NVIDIA HPC SDK Version 24.1 Documentation

HPC SDK Release Notes

These release notes describe the new features of the NVIDIA HPC SDK including changes from previous releases. They may also include late-breaking information not included in other product documentation.

HPC SDK Install Guide

This guide describes the requirements and steps for installing the HPC SDK on compatible workstations, servers, and clusters running versions of the Linux operating systems.

HPC Compilers Documentation

HPC Compiler Documentation Library

nvc

nvc is a C11 compiler for NVIDIA GPUs and AMD, Intel, OpenPOWER, and Arm CPUs. It invokes the C compiler, assembler, and linker for the target processors with options derived from its command line arguments. nvc supports ISO C11, supports GPU programming with OpenACC, and supports multicore CPU programming with OpenACC and OpenMP.

nvc++

nvc++ is a C++17 compiler for NVIDIA GPUs and AMD, Intel, OpenPOWER, and Arm CPUs. It invokes the C++ compiler, assembler, and linker for the target processors with options derived from its command line arguments. nvc++ supports ISO C++17, supports GPU and multicore CPU programming with C++17 parallel algorithms, OpenACC, and OpenMP.

nvfortran

nvfortran is a Fortran compiler for NVIDIA GPUs and AMD, Intel, OpenPOWER, and Arm CPUs. It invokes the Fortran compiler, assembler, and linker for the target processors with options derived from its command line arguments. nvfortran supports ISO Fortran 2003 and many features of ISO Fortran 2008, supports GPU programming with CUDA Fortran, and GPU and multicore CPU programming with ISO Fortran parallel language features, OpenACC, and OpenMP.

nvcc

nvcc is the CUDA C and CUDA C++ compiler driver for NVIDIA GPUs. nvcc accepts a range of conventional compiler options, such as for defining macros and include/library paths, and for steering the compilation process. nvcc produces optimized code for NVIDIA GPUs and drives a supported host compiler for AMD, Intel, OpenPOWER, and Arm CPUs.

C++ Parallel Algorithms

C++ 17 Parallel Algorithms introduce parallel and vector concurrency through execution policies and are supported in the NVC++ compiler.

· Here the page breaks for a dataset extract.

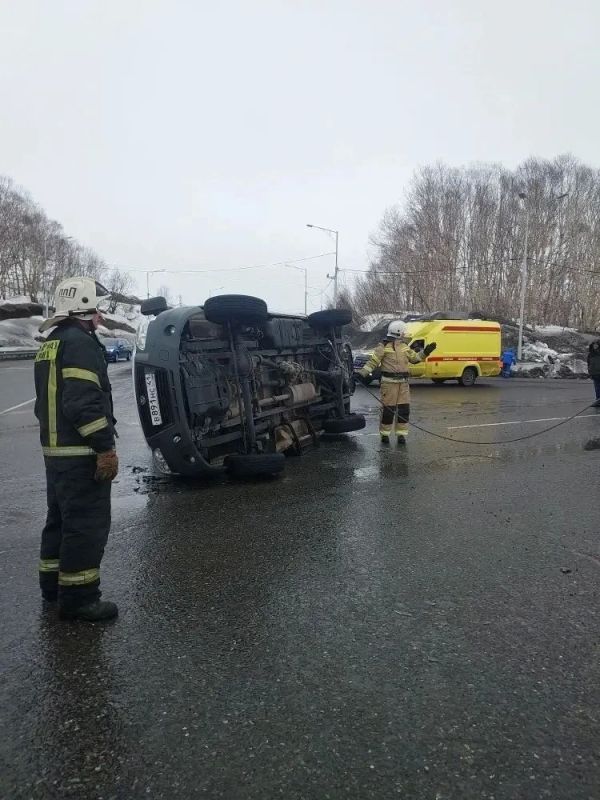 Дорога не прощает нескольких секунд невнимательности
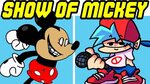 Friday Night Funkin' VS Mickey Mouse (Last Show Of Mickey) (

OpenACC Getting Started Guide

This guide introduces the NVIDIA OpenACC implementation, including examples of how to write, build and run programs using the OpenACC directives.

OpenMP

This section describes using OpenMP, a set of compiler directives, an applications programming interface (API), and a set of environment variables for specifying parallel execution in Fortran, C++ and C programs.

CUDA C++ Programming Guide

A comprehensive guide to understanding and developing and optimizing code in the CUDA C++ programming environment.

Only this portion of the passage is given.